35 years after that photo was taken, it’s hung on the wall of London’s Barbican as part of Another Kind of Life: Photography on the Margins, an exhibition that champions difference rather than ridiculing it, and celebrates the legendary photographers who’ve captured its foremost figures over the past half century.

Gathered from archives, galleries and personal collections, the most moving and provocative work of 20 photographers makes up the hundreds-strong showcase, chronicling everything from the street kids of Seattle to queer, crossdressing men in 1960s New Jersey who felt more free behind closed doors. Though their lives couldn’t be more different, the legacies of these outsiders have been immortalised on celluloid by photographers the world over.
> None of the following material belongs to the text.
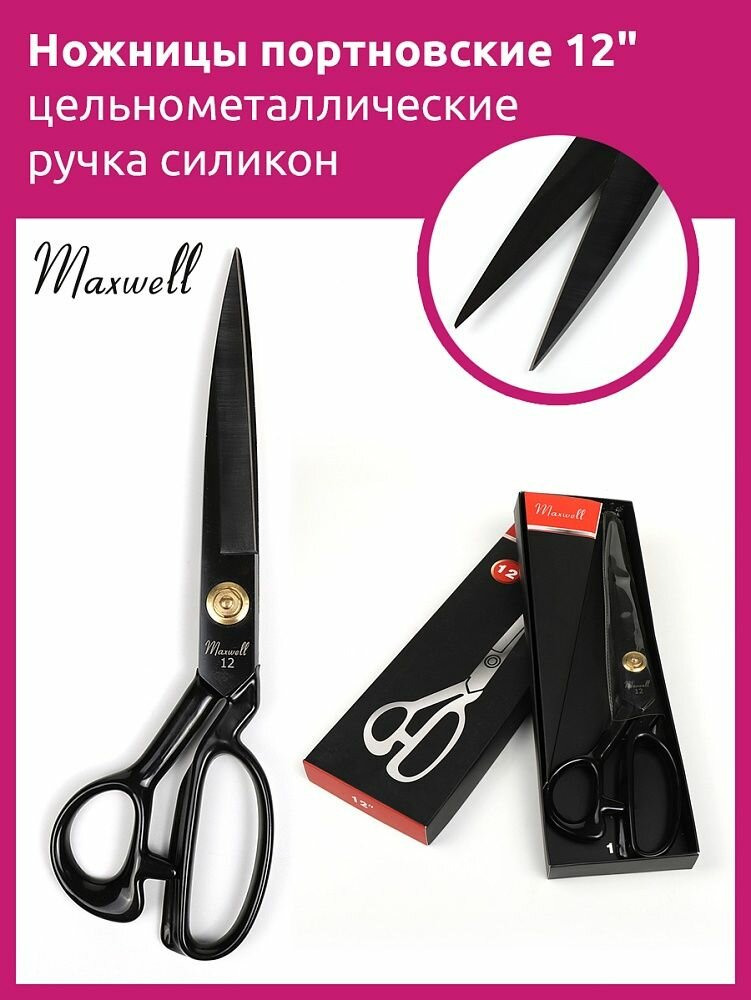Tikuvchi qaychi TBY 12" 305x165 Maxwell premium butun metall, silikon dastali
Now, they play as valuable a part in marking the pain of the past as they do the promise of the future.

Exhibitions like this risk veering into the realms of gross fetishisation: treating their subjects like circus acts, and putting them on pedestals for voyeuristic purposes rather than to inform whoever’s viewing it. But the exhibition’s title alone manages to reject that; these people live alternate lives – not bizarre ones, and many of the image-makers involved are photographing them because they feel like it’s their duty to do so.

Errázuriz was somebody who treated her work as a tool for positive political change. Her Adam’s Apple (1983) series respectfully captures the lives of Chile’s trans sex workers, the photos aching with the strength of the people they’re depicting. In one, a transgender woman is strewn across a bed in a dilapidated bedroom; in another, a woman is seen in a wig and a cable-knit sweatshirt, gently resting her hand on her elderly mother’s shoulder. The motivation of a photographer is a daunting thing to consider when the world has previously paid you no mind, but Errázuriz’s work captures a spirit of defiance. They’re evidence that these women lived through such fraught times, and exist to ensure we never forget it.

The art world has fawned over photographers who tread the fine line between artist and photojournalist like Errázuriz for decades, Larry Clark being another known for diving intimately into ostracised communities. He played a key role in making unsightly art part of the American cultural conversation when Kids, his cinematic portrait of New York’s disenfranchised, skateboarding, drug-taking youth, cracked the box office back in 1995.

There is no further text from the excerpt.